C’est un tour de force qu’à réalisé The Economist, l’hebdomadaire de référence de la City de Londres. En quelques heures, la rédaction a modifié le contenu de sa livraison et changé de couverture pour présenter un spécial « Irak après Zarkaoui ». Cette réactivité permet à la revue de doubler les quotidiens britanniques et de rafler d’importantes parts de marché. Si elle représente un haut niveau d’efficacité mercantile, bien naturel pour une publication économique, elle illustre aussi une dérive du journalisme.

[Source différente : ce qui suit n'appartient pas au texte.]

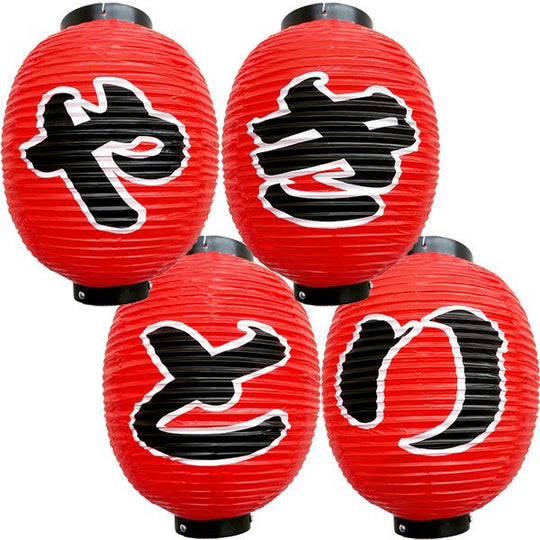 Chochin Japanese Paper Lanterns Red Yakitori 30cm Set of 4 - WAFUU JAPAN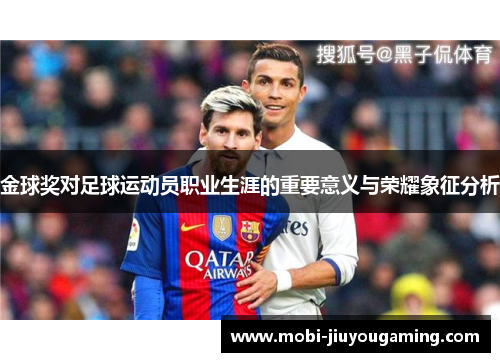 金球奖对足球运动员职业生涯的重要意义与荣耀象征分析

En principe, les agences de presse se doivent de traiter les évènements dans le laps de temps le plus court possible. Elles se limitent alors aux faits observés. Les quotidiens se nourrissent des dépêches d’agences pour dresser un panorama plus complet et en dégager le sens. Les revues, hebdomadaires ou mensuelles, prennent de la distance avec l’actualité brûlante pour mieux l’analyser.

En jouant la réactivité immédiate, The Economist s’interdit de prendre le recul nécessaire à l’analyse et sort de son rôle. Le lecteur ne peut être que déçu. L’hebdomadaire comprend en réalité un éditorial d’une page et un autre article d’une page sur le sujet annoncé en couverture. Les deux textes ont été rédigés à la hâte, avant même que les officiels irakiens n’aient eu le temps de confirmer la nouvelle et de donner des détails. Ils ne comprennent aucune information précise, hormis la mort de M. Zarkaoui. Et celle-ci n’a fait l’objet d’aucune vérification. Les commentaires se contentent d’y voir un événement important qui renforcera le gouvernement irakien, mais ne marque pas pour autant la fin de la mission US sur place.

En agissant ainsi, The Economist illustre parfaitement un système dans lequel il n’est pas nécessaire de corrompre des journalistes ou de les embarquer dans des unités combattantes pour les transformer en perroquets des porte-parole du département US de la Défense. La logique économique suffit.